*Exercise prompt:* The line holding "by Kurt Gödel" is the last one to output; start at the first line of the data, keep every line in between exactly, and leave out pictures.

Short text fragments from websites
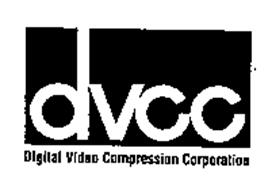 DVCC DIGITAL VIDEO COMPRESSION CORPORATION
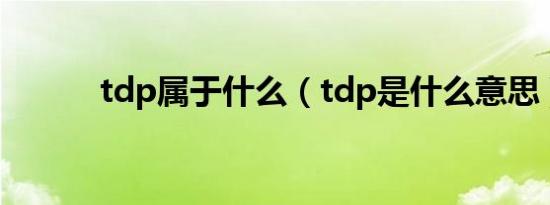 tdp属于什么（tdp是什么意思）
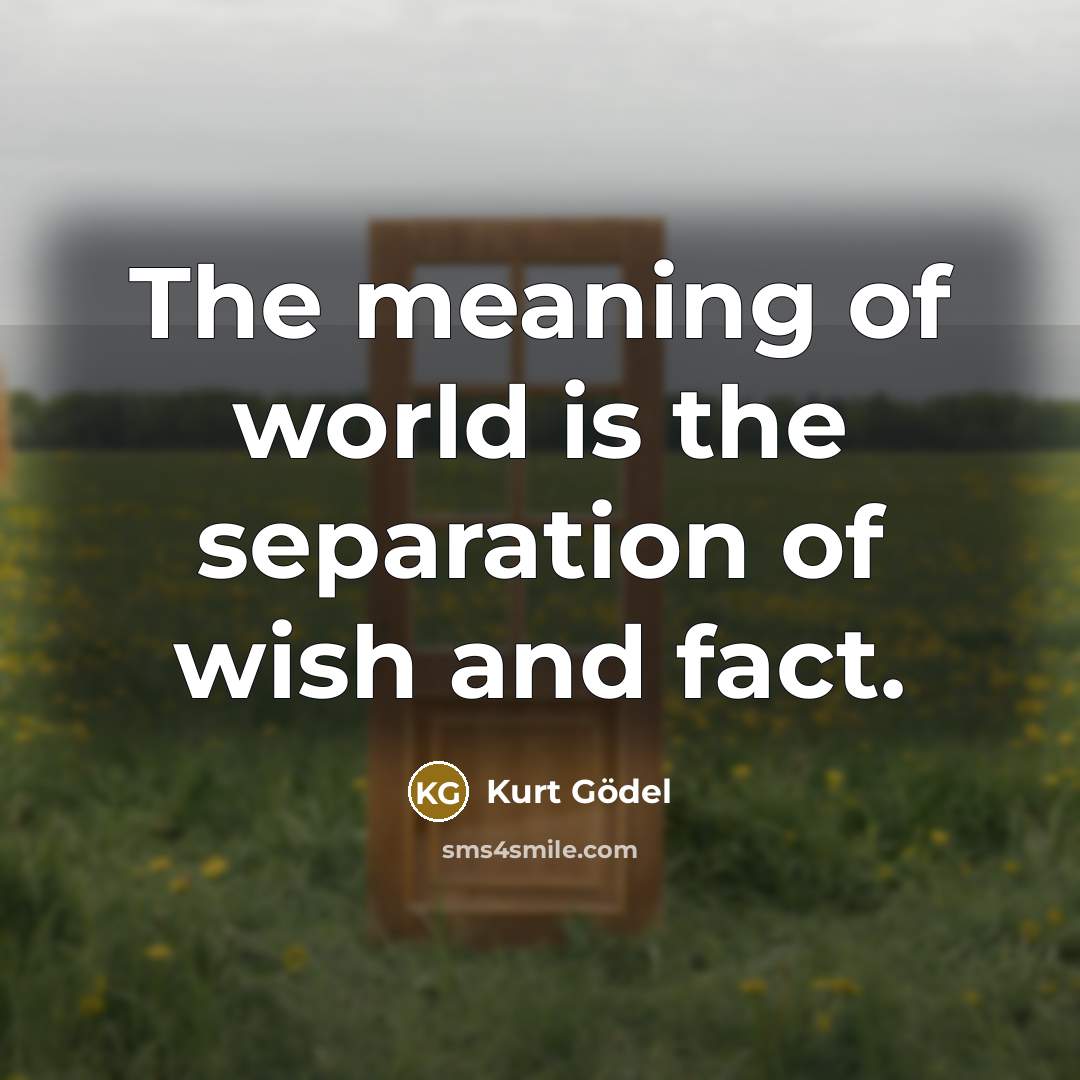 “The meaning of world is the separation of wish and…” quote by Kurt Gödel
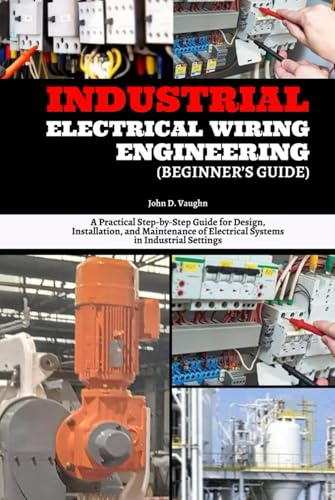 Industrial Electrical Wiring Engineering (Beginner’s Guide): A Practical Step-by-Step Guide for Design, Installation, and Maintenance of Electrical Systems in Industrial Settings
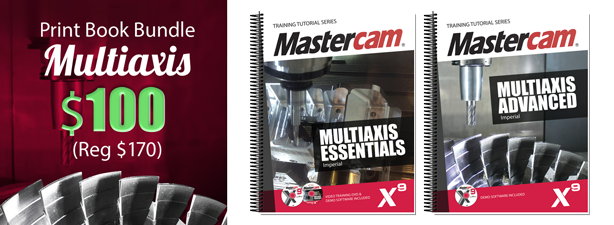 Multiaxis X9 Print - Mastercam Training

*Problem solution:*
 DVCC DIGITAL VIDEO COMPRESSION CORPORATION
 tdp属于什么（tdp是什么意思）
 “The meaning of world is the separation of wish and…” quote by Kurt Gödel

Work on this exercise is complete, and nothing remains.